Si olvidamos las abstracciones, no importa con los ojos que lo miremos, ante nosotros tendremos un embrión de unos 5 o 7 días, en el que no podremos ver más que un grupo de células apiñadas con capacidad, siempre que se encuentre con las condiciones adecuadas, eso es, un útero que le proporcione alimento, de convertirse en un ser humano. Este embrión puede estar ahora congelado a 196 grados bajo cero y haber superado el tiempo establecido como para ser considerado viable para implantarse. Nadie puede garantizar que ese embrión, precisamente, sirva para alcanzar una meta médica, ni siquiera que con dos o tres o cuatro embriones se consiga; pero la esperanza para miles de enfermos está ahí. Qué debería hacerse con estos embriones, apartados de cualquier programa de reproducción, ¿mantenerlos congelados para siempre? ¿Enterrarlos? En definitiva, mantenerlos sin vida o destruirlos. ¿No es más digno utilizarlos para, ni que sólo sea, intentar mejorar la vida de muchos ciudadanos?

Tampoco la creación de embriones puede considerarse reprobable, no sólo porque un embrión no es una persona, algo que algunos se negarán a aceptar, si no también porque, en el caso que exista una mujer para gestarlo, no sería incompatible su supervivencia con la obtención de líneas de células madre utilizando una “simple” biopsia embrionaria. Algo que haría posible que un individuo nacido en un programa de reproducción asistida contara con su propia línea de células madre, a disponer si en algún momento llega a necesitarlas.
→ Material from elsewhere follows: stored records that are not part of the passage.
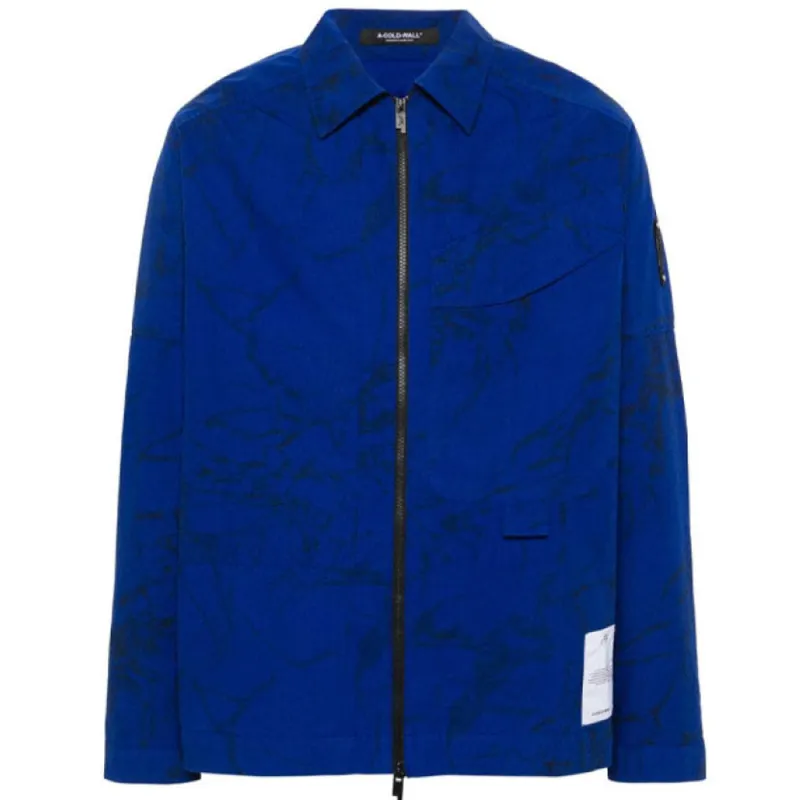 A-COLD-WALL* | Overdye Zip Overshirt 'Volt Blue' sold by Hatchet Outdoor Supply Co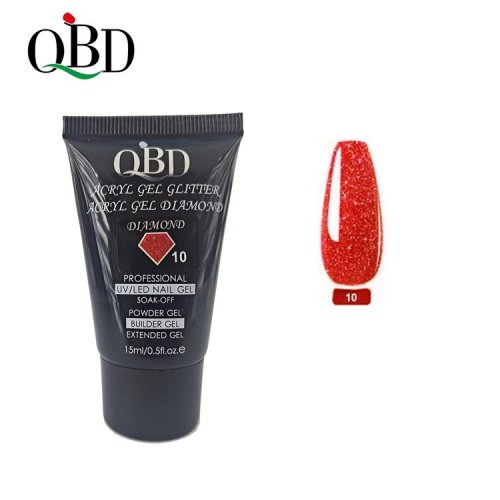 QBD Acryl Glitter Gel Diamond 15ml 10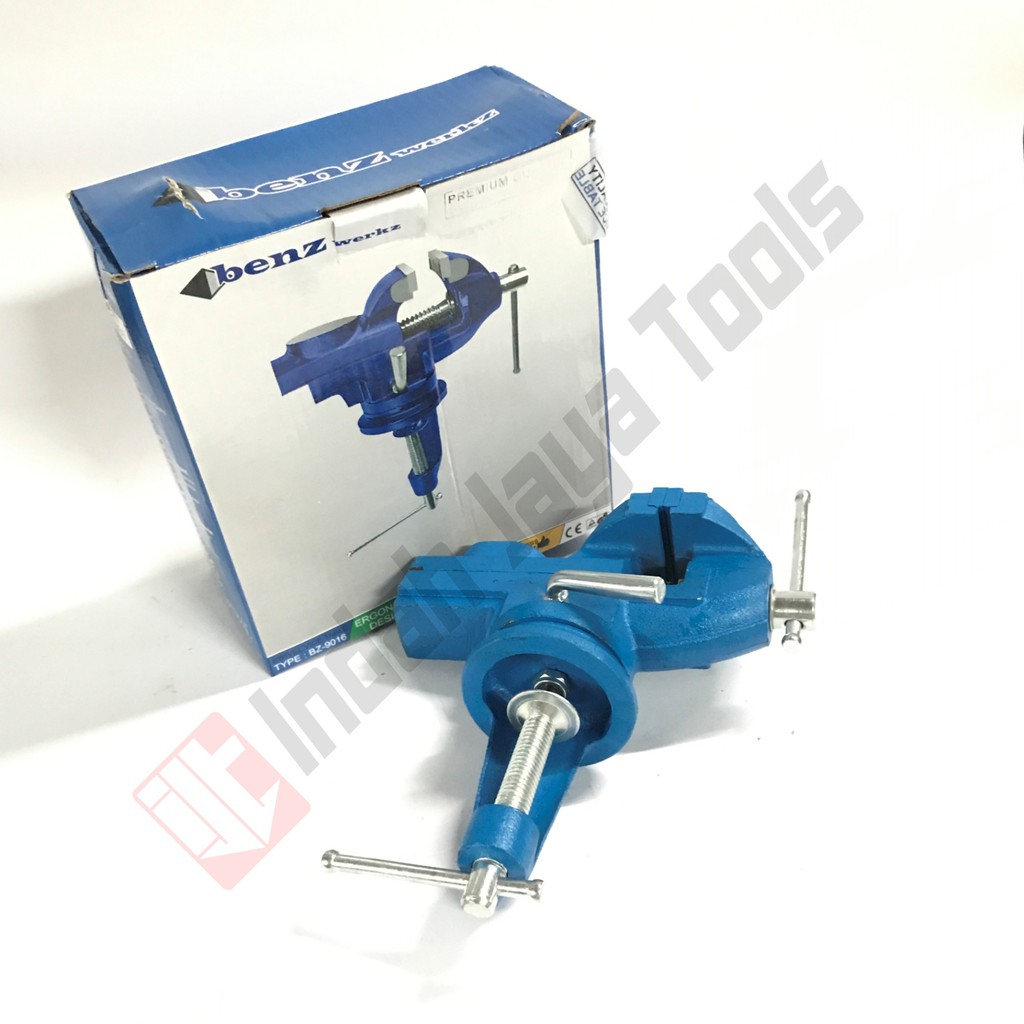 BENZ BZ-9016 Catok Meja 60 mm - Bench Vise Ragum Clamp Mini Hobby 360 Degree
Sí es cierto que en el embrión hay quizás un punto de inicio, pero también podríamos encontrarlo en un espermatozoide o en un óvulo, o más tarde, en el feto. Discutir en qué momento empieza una vida es más bien una cuestión dogmática, que atiende a circunstancias e interpretaciones mutables en el tiempo. En sus inicios, por ejemplo, la Iglesia católica no condenaba el aborto ni se consideraba al embrión una entidad con vida propia. Llegar al consenso es probablemente imposible, pero al menos deberíamos ser capaces de discernir si la investigación con embriones compensa las esperanzas de miles de enfermos.